Prompt: Send every record back word for word.

Data excerpts:
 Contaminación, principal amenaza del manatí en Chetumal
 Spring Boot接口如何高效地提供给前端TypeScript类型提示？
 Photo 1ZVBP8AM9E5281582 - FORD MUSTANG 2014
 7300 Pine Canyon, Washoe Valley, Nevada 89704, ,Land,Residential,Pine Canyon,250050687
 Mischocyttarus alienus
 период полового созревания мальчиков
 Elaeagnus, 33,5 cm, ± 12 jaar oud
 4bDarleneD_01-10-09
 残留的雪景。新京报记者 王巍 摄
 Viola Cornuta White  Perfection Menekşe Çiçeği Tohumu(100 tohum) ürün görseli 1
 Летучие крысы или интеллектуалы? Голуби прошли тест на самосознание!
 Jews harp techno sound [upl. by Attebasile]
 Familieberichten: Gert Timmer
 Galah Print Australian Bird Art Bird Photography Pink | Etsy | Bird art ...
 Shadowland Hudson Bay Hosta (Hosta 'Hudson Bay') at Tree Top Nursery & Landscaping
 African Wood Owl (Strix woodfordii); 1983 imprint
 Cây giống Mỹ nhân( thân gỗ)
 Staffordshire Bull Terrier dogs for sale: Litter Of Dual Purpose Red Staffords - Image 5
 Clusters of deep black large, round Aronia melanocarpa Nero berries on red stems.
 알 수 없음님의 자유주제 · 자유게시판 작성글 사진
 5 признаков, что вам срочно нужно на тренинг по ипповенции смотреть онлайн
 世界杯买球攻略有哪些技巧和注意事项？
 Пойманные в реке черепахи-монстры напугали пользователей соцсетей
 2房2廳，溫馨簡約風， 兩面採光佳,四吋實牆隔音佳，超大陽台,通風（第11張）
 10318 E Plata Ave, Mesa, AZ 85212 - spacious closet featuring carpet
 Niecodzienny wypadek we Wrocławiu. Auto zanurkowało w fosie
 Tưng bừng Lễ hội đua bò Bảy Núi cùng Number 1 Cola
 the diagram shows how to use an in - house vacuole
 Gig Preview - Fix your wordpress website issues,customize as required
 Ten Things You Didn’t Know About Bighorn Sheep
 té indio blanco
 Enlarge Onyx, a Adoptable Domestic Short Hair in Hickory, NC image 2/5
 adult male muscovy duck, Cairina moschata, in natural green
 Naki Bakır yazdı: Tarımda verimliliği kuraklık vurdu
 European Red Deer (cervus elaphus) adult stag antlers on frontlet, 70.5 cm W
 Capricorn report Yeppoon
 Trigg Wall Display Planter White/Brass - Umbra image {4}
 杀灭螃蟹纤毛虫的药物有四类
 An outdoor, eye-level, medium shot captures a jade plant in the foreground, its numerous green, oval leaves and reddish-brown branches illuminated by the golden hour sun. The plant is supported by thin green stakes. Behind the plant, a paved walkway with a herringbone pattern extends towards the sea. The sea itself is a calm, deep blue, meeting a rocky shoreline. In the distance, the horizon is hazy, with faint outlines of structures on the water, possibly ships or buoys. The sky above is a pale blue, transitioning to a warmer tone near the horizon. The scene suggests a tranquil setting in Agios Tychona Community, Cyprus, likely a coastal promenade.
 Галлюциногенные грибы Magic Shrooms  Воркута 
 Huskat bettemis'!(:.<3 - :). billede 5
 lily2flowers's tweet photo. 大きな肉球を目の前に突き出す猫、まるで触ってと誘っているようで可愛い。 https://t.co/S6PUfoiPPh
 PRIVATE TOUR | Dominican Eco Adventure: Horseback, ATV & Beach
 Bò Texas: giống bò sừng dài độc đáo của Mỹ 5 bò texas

Response to the task:
 Contaminación, principal amenaza del manatí en Chetumal
 Spring Boot接口如何高效地提供给前端TypeScript类型提示？
 Photo 1ZVBP8AM9E5281582 - FORD MUSTANG 2014
 7300 Pine Canyon, Washoe Valley, Nevada 89704, ,Land,Residential,Pine Canyon,250050687
 Mischocyttarus alienus
 период полового созревания мальчиков
 Elaeagnus, 33,5 cm, ± 12 jaar oud
 4bDarleneD_01-10-09
 残留的雪景。新京报记者 王巍 摄
 Viola Cornuta White  Perfection Menekşe Çiçeği Tohumu(100 tohum) ürün görseli 1
 Летучие крысы или интеллектуалы? Голуби прошли тест на самосознание!
 Jews harp techno sound [upl. by Attebasile]
 Familieberichten: Gert Timmer
 Galah Print Australian Bird Art Bird Photography Pink | Etsy | Bird art ...
 Shadowland Hudson Bay Hosta (Hosta 'Hudson Bay') at Tree Top Nursery & Landscaping
 African Wood Owl (Strix woodfordii); 1983 imprint
 Cây giống Mỹ nhân( thân gỗ)
 Staffordshire Bull Terrier dogs for sale: Litter Of Dual Purpose Red Staffords - Image 5
 Clusters of deep black large, round Aronia melanocarpa Nero berries on red stems.
 알 수 없음님의 자유주제 · 자유게시판 작성글 사진
 5 признаков, что вам срочно нужно на тренинг по ипповенции смотреть онлайн
 世界杯买球攻略有哪些技巧和注意事项？
 Пойманные в реке черепахи-монстры напугали пользователей соцсетей
 2房2廳，溫馨簡約風， 兩面採光佳,四吋實牆隔音佳，超大陽台,通風（第11張）
 10318 E Plata Ave, Mesa, AZ 85212 - spacious closet featuring carpet
 Niecodzienny wypadek we Wrocławiu. Auto zanurkowało w fosie
 Tưng bừng Lễ hội đua bò Bảy Núi cùng Number 1 Cola
 the diagram shows how to use an in - house vacuole
 Gig Preview - Fix your wordpress website issues,customize as required
 Ten Things You Didn’t Know About Bighorn Sheep
 té indio blanco
 Enlarge Onyx, a Adoptable Domestic Short Hair in Hickory, NC image 2/5
 adult male muscovy duck, Cairina moschata, in natural green
 Naki Bakır yazdı: Tarımda verimliliği kuraklık vurdu
 European Red Deer (cervus elaphus) adult stag antlers on frontlet, 70.5 cm W
 Capricorn report Yeppoon
 Trigg Wall Display Planter White/Brass - Umbra image {4}
 杀灭螃蟹纤毛虫的药物有四类
 An outdoor, eye-level, medium shot captures a jade plant in the foreground, its numerous green, oval leaves and reddish-brown branches illuminated by the golden hour sun. The plant is supported by thin green stakes. Behind the plant, a paved walkway with a herringbone pattern extends towards the sea. The sea itself is a calm, deep blue, meeting a rocky shoreline. In the distance, the horizon is hazy, with faint outlines of structures on the water, possibly ships or buoys. The sky above is a pale blue, transitioning to a warmer tone near the horizon. The scene suggests a tranquil setting in Agios Tychona Community, Cyprus, likely a coastal promenade.
 Галлюциногенные грибы Magic Shrooms  Воркута 
 Huskat bettemis'!(:.<3 - :). billede 5
 lily2flowers's tweet photo. 大きな肉球を目の前に突き出す猫、まるで触ってと誘っているようで可愛い。 https://t.co/S6PUfoiPPh
 PRIVATE TOUR | Dominican Eco Adventure: Horseback, ATV & Beach
 Bò Texas: giống bò sừng dài độc đáo của Mỹ 5 bò texas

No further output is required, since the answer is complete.